(Captioned web images)
§
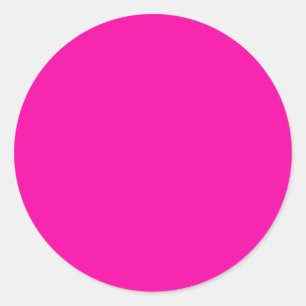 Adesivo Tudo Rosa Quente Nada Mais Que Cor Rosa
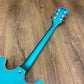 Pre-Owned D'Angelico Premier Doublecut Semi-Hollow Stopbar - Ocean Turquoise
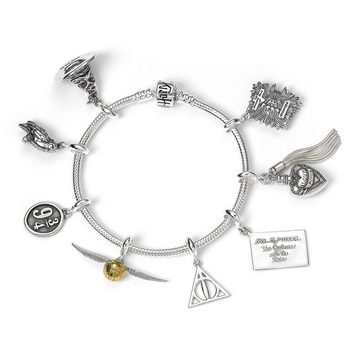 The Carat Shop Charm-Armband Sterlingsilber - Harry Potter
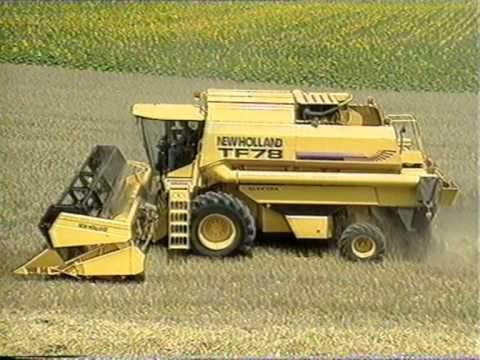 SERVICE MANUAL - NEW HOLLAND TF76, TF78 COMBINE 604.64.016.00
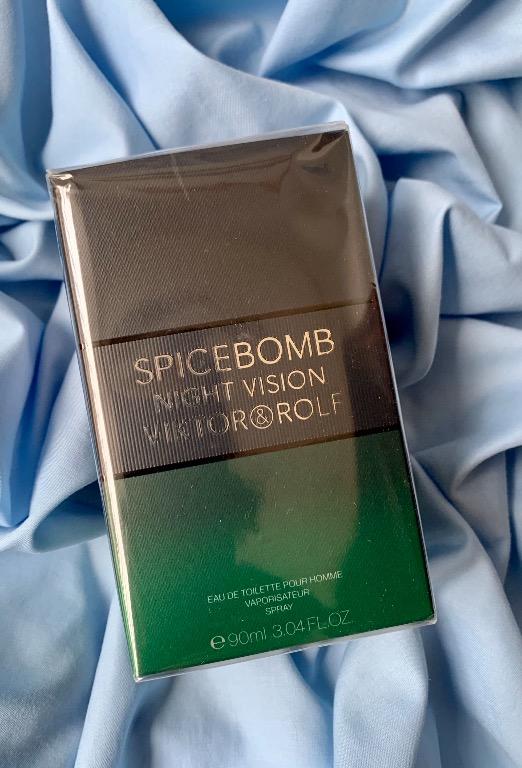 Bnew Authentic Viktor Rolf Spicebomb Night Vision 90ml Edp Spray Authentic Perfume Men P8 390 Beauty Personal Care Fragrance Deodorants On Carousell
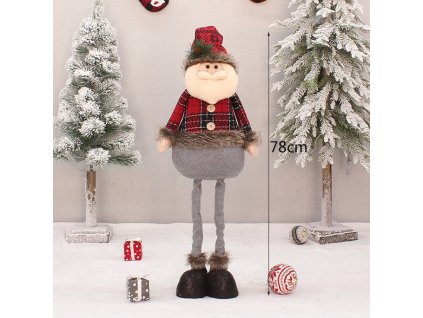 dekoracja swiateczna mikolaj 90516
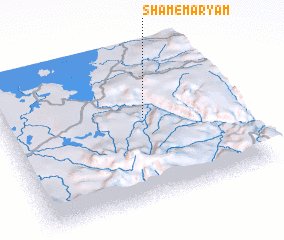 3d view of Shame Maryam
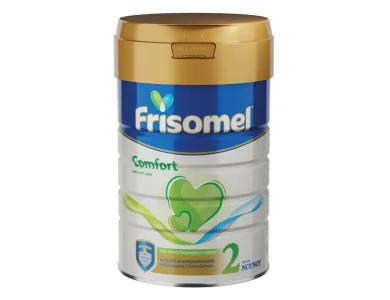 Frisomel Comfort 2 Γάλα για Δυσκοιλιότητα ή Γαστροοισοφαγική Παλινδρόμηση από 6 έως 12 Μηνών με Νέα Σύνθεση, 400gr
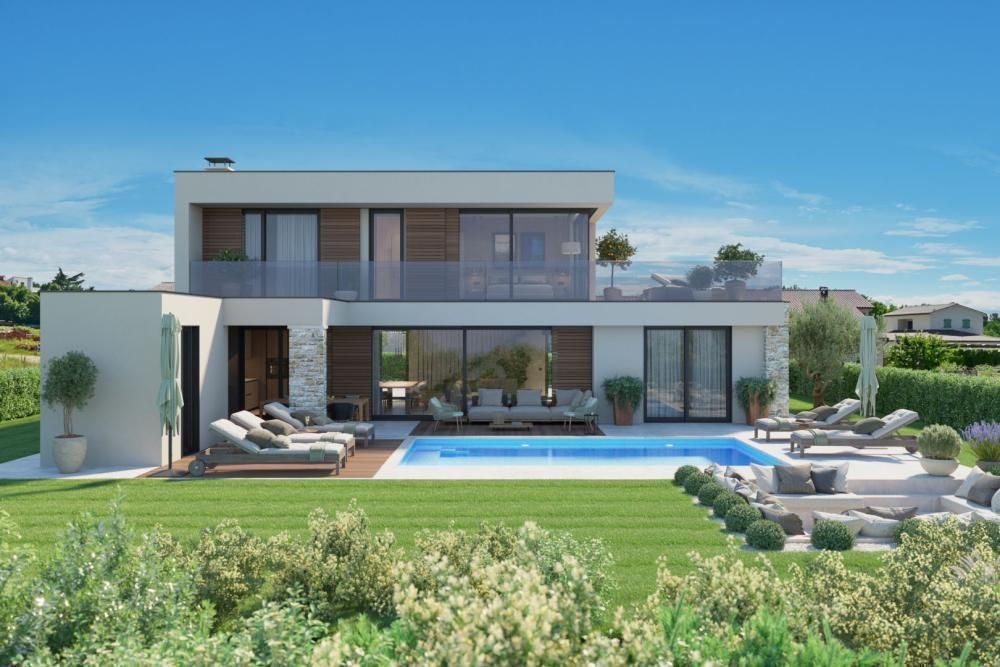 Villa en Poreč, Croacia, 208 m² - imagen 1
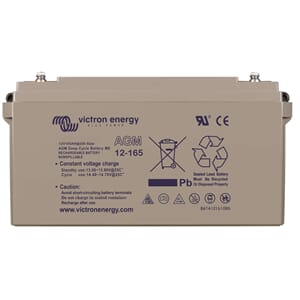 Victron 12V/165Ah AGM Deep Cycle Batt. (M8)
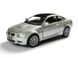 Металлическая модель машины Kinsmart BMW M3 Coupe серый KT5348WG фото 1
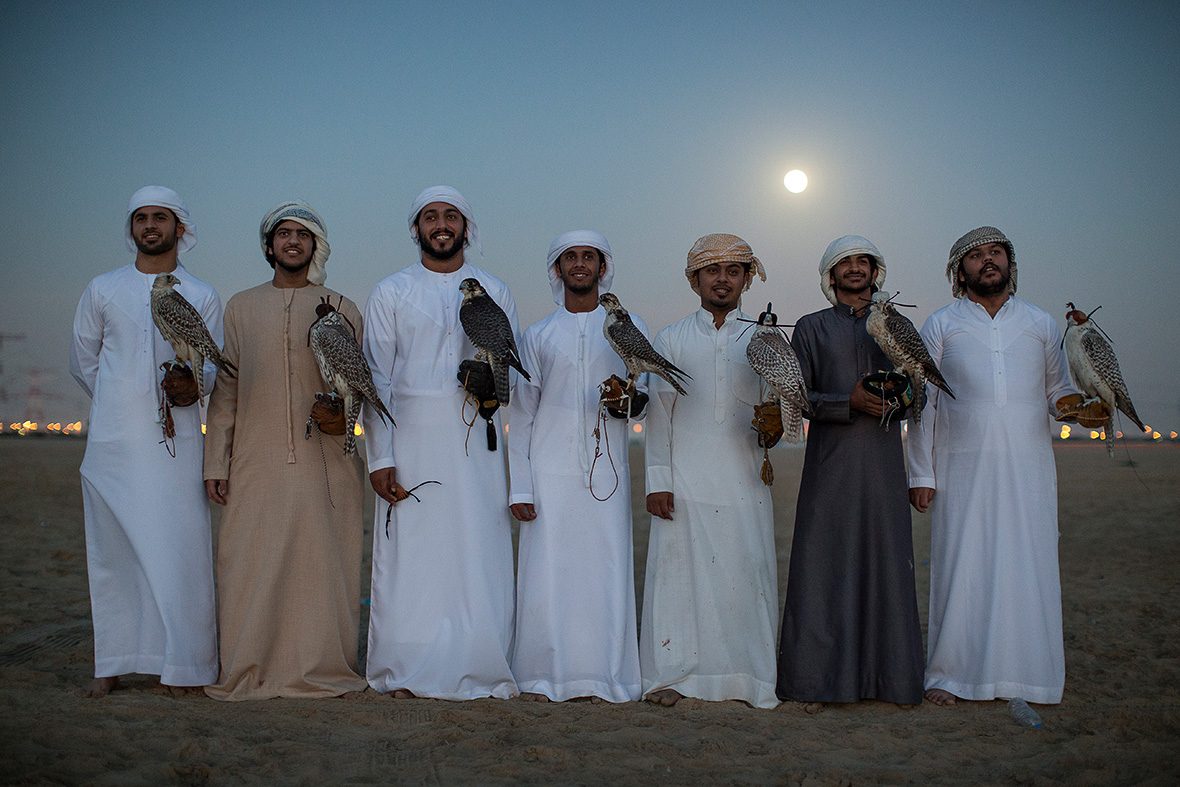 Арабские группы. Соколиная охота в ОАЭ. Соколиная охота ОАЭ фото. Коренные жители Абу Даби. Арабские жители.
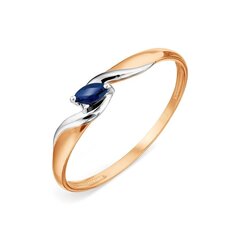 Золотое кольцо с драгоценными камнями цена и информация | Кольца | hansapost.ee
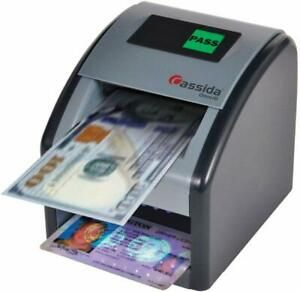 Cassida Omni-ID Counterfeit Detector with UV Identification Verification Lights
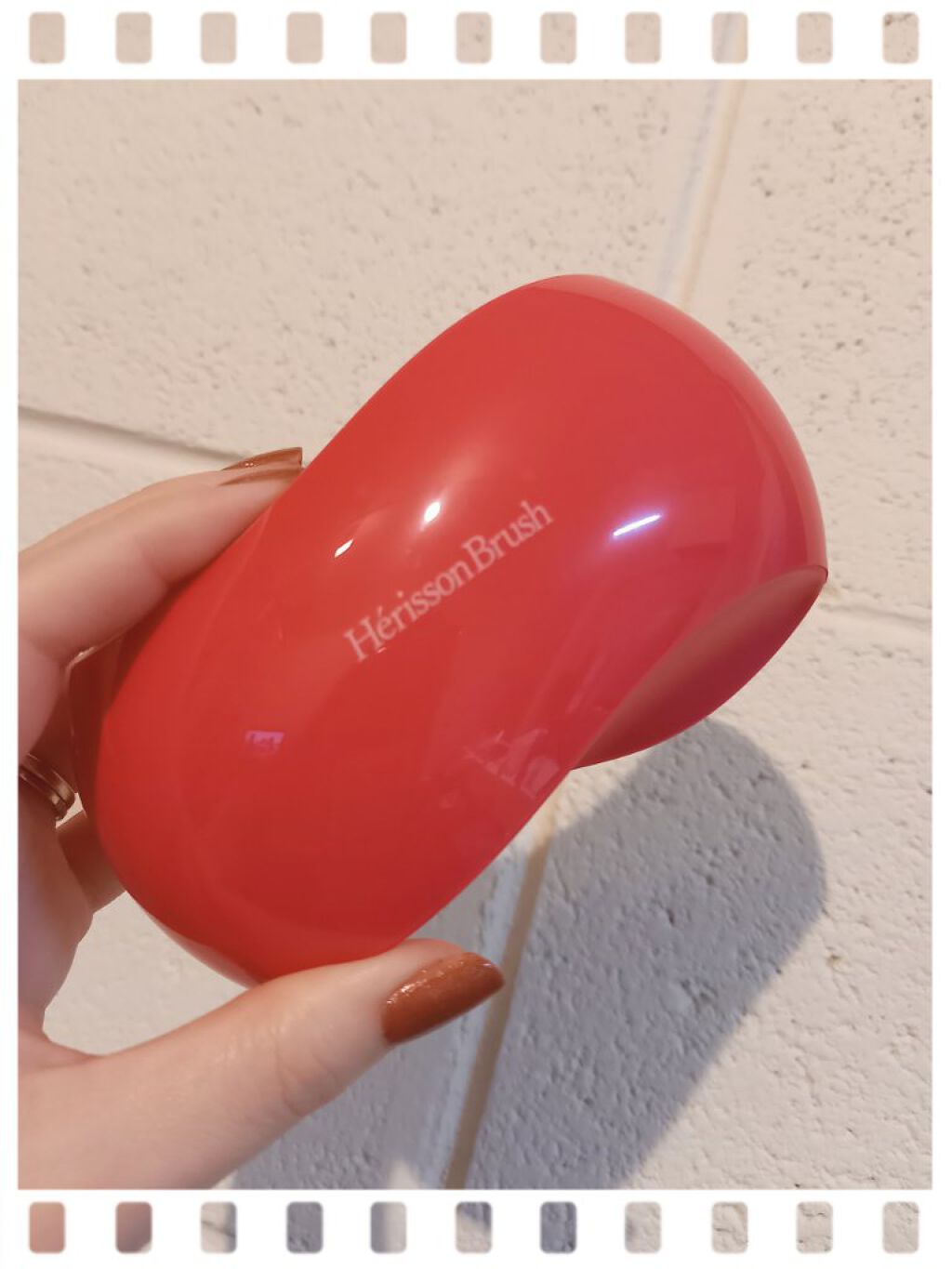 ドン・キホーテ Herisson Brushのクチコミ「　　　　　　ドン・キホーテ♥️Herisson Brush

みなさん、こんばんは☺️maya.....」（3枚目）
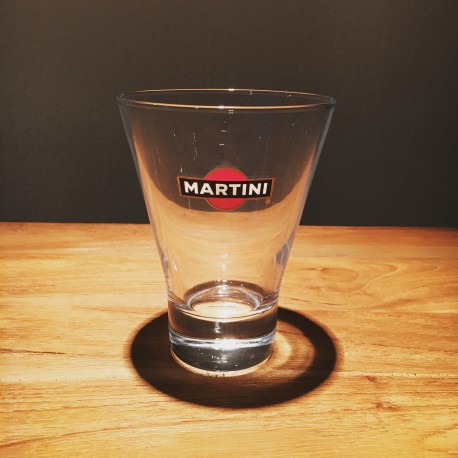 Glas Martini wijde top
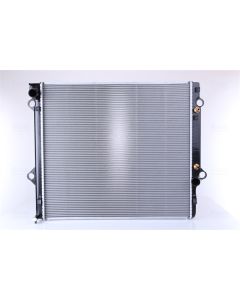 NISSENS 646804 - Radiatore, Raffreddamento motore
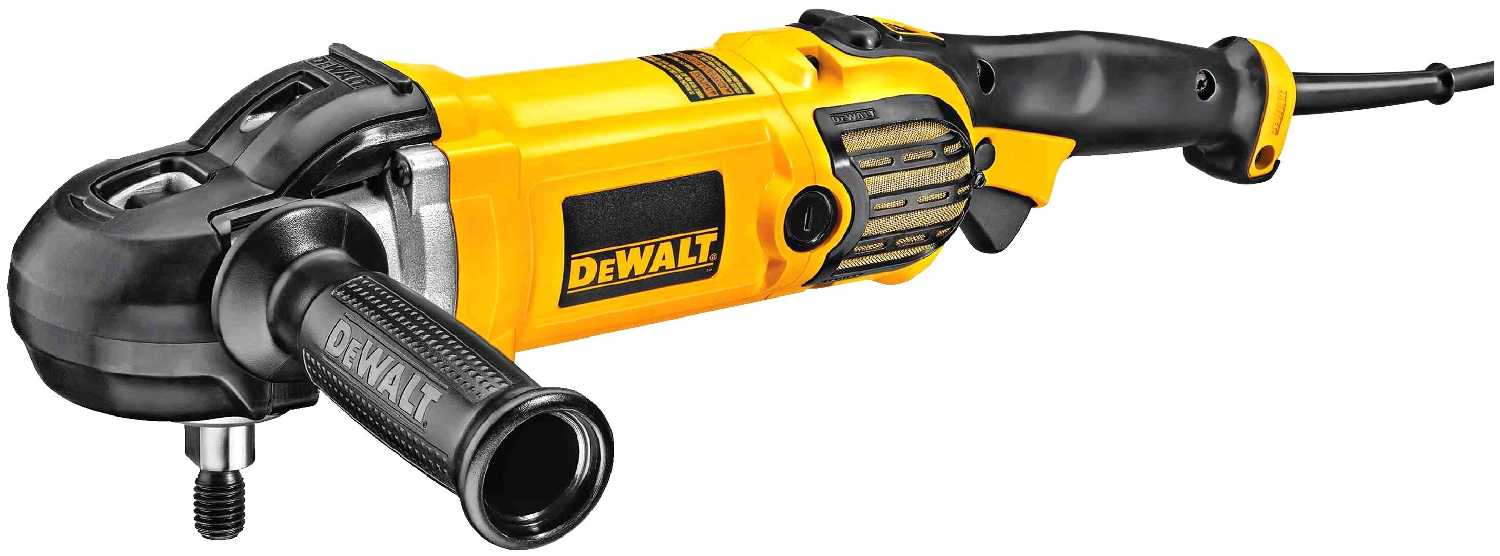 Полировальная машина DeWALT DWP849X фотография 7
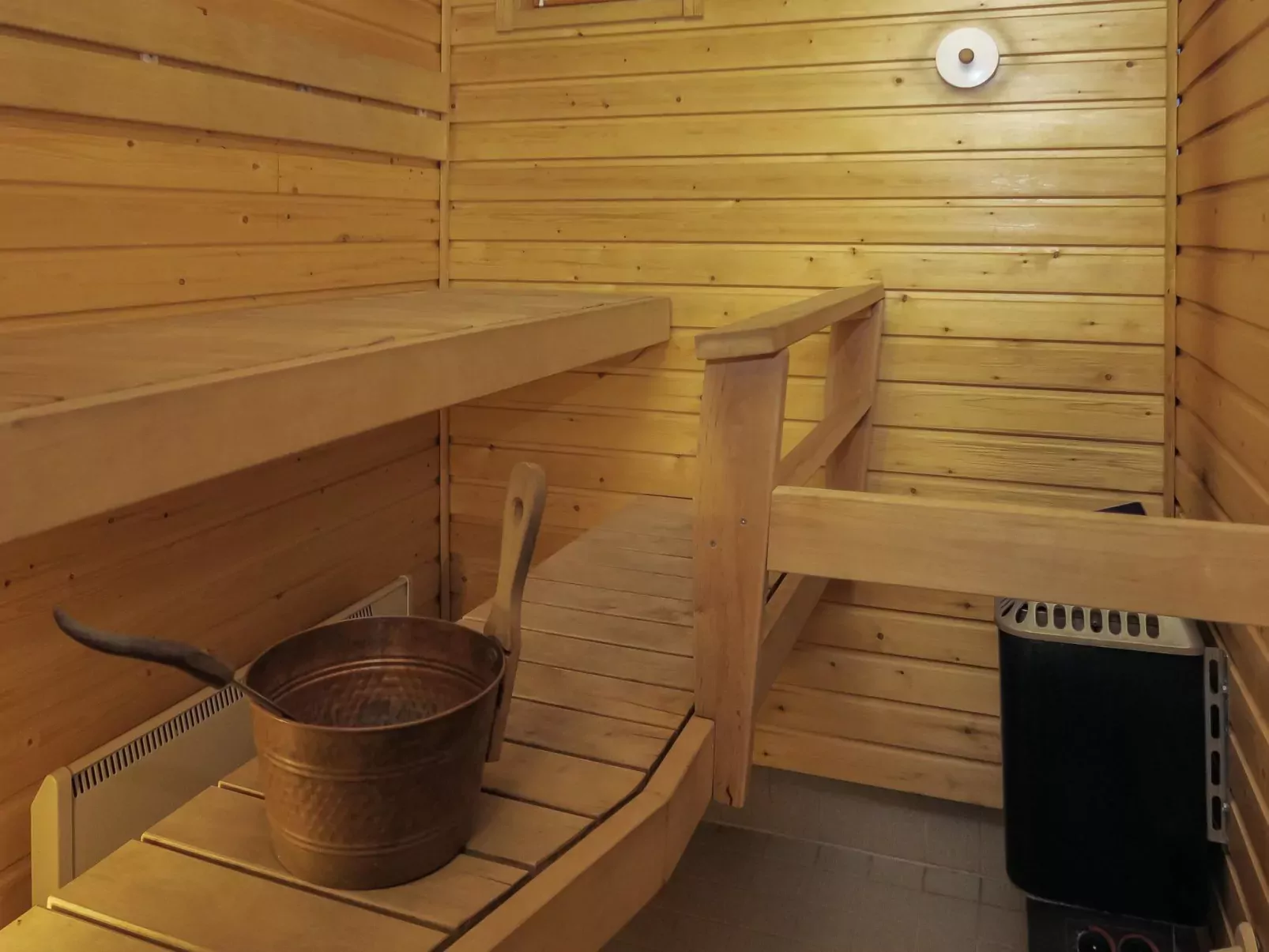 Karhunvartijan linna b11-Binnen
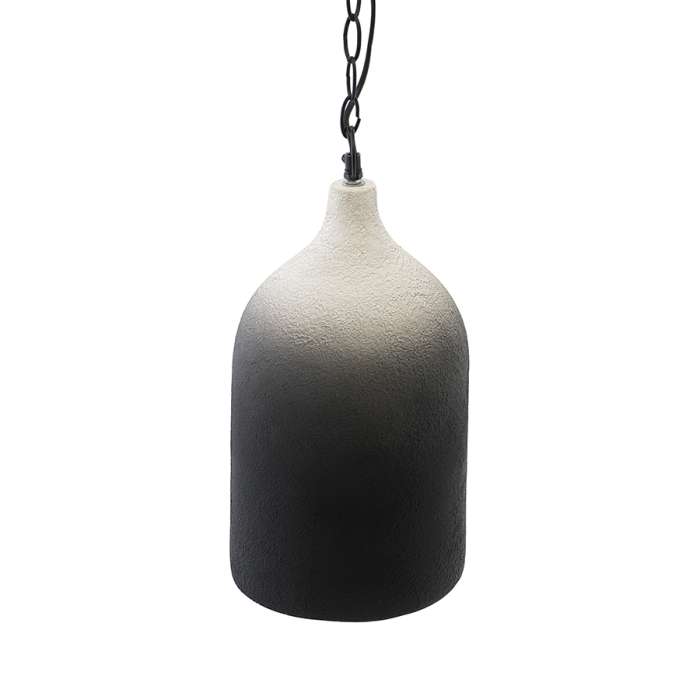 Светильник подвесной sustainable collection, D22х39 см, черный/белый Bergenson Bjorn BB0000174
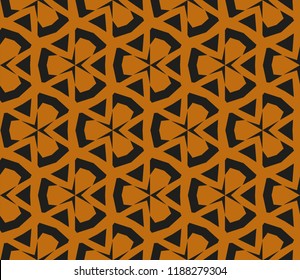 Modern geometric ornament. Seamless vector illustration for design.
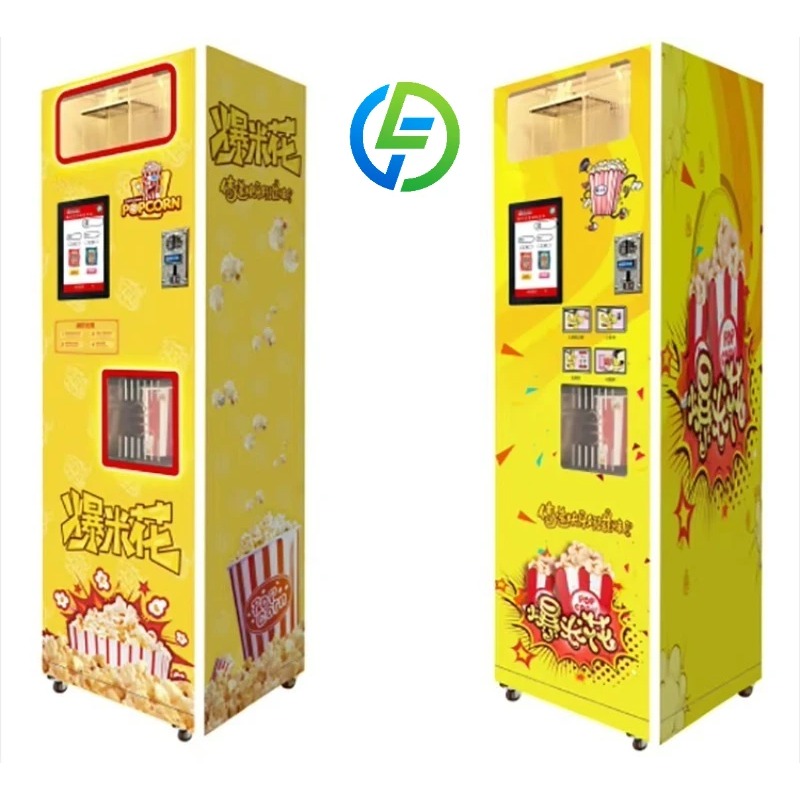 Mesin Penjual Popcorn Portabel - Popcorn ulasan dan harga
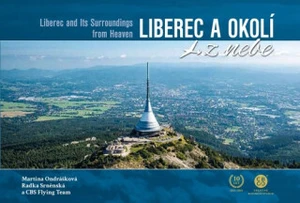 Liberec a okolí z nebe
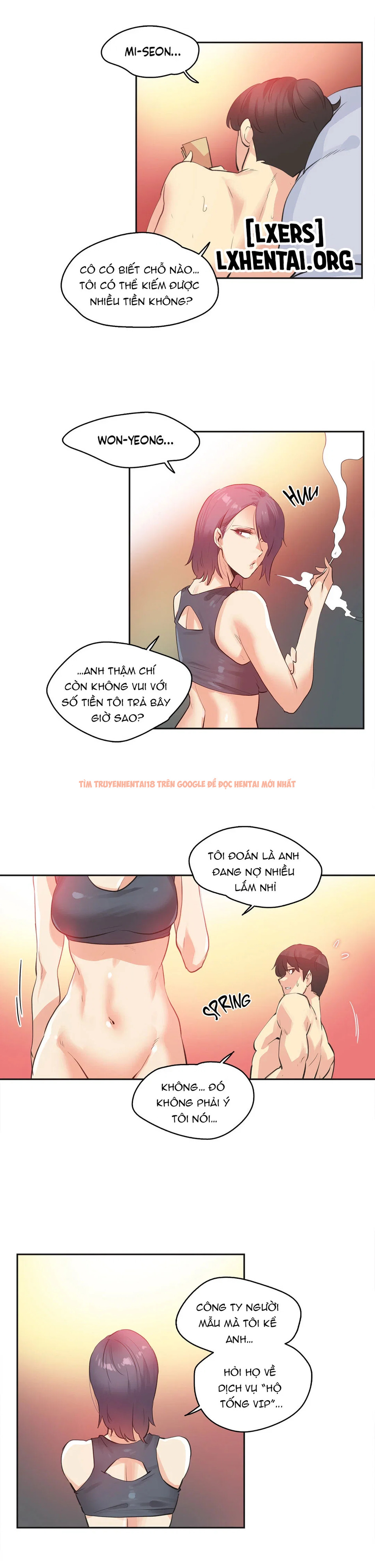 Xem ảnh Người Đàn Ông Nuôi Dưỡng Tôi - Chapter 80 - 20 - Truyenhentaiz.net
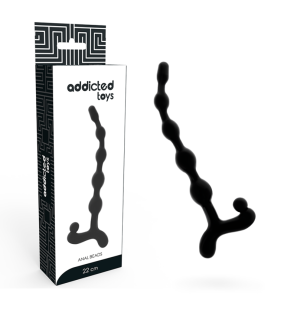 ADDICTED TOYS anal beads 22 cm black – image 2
§
### PROBLEM TO WORK ON
Each line from the one that contains "Liberec a okolí z nebe" through the end of the records should be restated exactly; include both end lines and leave any pictures out.

### SOLUTION TO THIS EXERCISE
 Liberec a okolí z nebe
 Xem ảnh Người Đàn Ông Nuôi Dưỡng Tôi - Chapter 80 - 20 - Truyenhentaiz.net
 ADDICTED TOYS anal beads 22 cm black – image 2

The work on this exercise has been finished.